February 19, 2025
So, you’re building an AI application on top of an LLM, and you’re planning on…
Evaluating the correctness of generated responses is an inherently challenging task. LLM-as-a-Judge evaluators have gained popularity for their ability to provide nuanced, reference-free, and scalable assessments across diverse tasks. However, individual models still suffer from biases, inconsistencies, and blind spots.
Ensemble learning, a long-standing technique in traditional machine learning, enhances accuracy and robustness by aggregating multiple models. This principle applies to LLM evaluation workflows as well. So-called LLM Juries– panels of diverse LLM judges– leverage ensembling to improve accuracy, fairness, and interpretability, offering a more robust and reliable evaluation framework.
In this article, we’ll explore the advantages and limitations of LLM Juries and how to implement one from scratch in Opik.
An LLM Jury consists of multiple LLM judges that independently score a given output, then aggregate their scores through a voting function. Unlike a single LLM-as-a-Judge evaluator, which often relies on a large model like GPT-4o, an LLM Jury typically consists of smaller models from distinct families (e.g., GPT, Claude, Command R, Mistral).
While larger models handle diverse evaluation tasks well, some smaller or fine-tuned models may struggle with generalization. For this reason, each (smaller) model in the jury should support the required scoring type, for example reference-based scoring, or pair-wise scoring.
LLM Juries use traditional ensemble learning techniques for score aggregation, depending on the task. For example, max pooling may be appropriate for binary classification, average or median pooling may be appropriate for rating scales, soft or hard voting for binary or multi-class classification, or stacking for open ended evaluations.
A single large model like GPT-4o is often used as an evaluator due to its generalizability, depth of knowledge, and reasoning capabilities. However, this approach has significant drawbacks.

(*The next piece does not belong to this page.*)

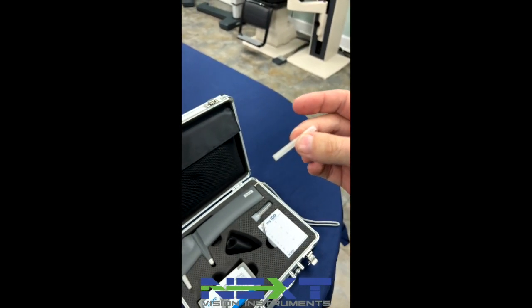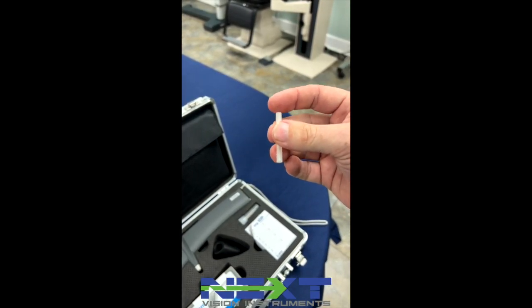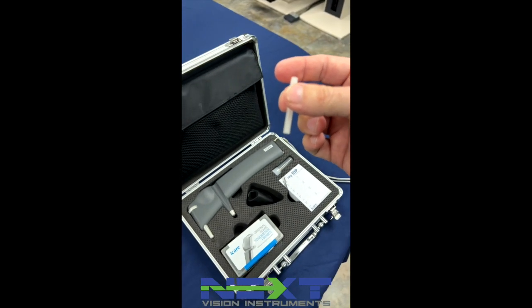After you have put the tip back into the case, you can throw this away. These are sterilized at first and disposable when you're finished.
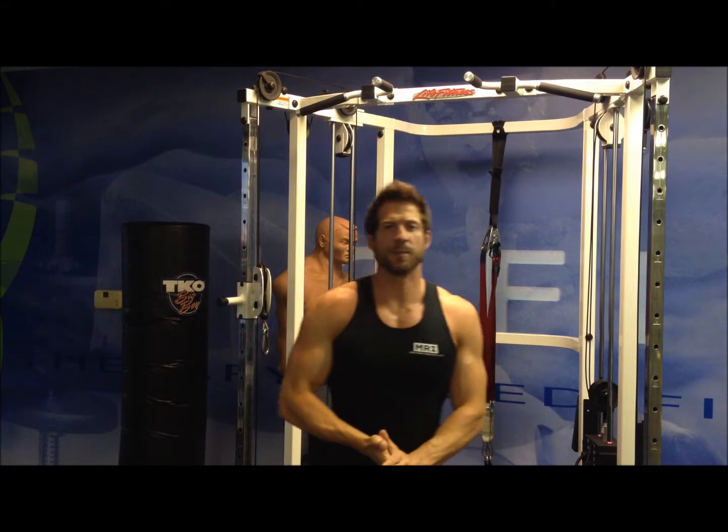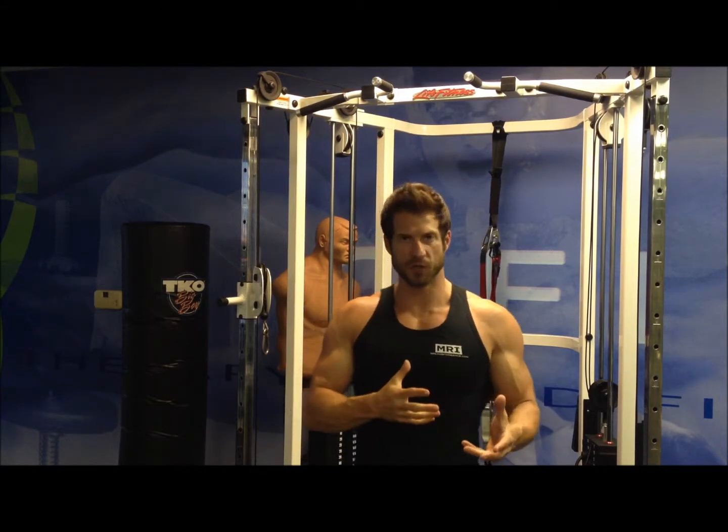Hey, what's up guys, I'm Nick with MRI Sponsored Athlete. I'm getting a lot of questions from you guys about how to work the rear delts of the shoulders — so the back of the shoulders. I'm going to show you an exercise today that I like to do.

If the same model generates and evaluates responses, self-recognition can lead to self-preference, introducing bias and reducing evaluation fairness. This intra-model bias is a serious issue in safety-critical and ethical applications, and can also affect baseline performance.
Ultra-large models are also expensive and slow due to their high computational requirements. This makes them unsuitable for many real-time, edge, or large-scale applications.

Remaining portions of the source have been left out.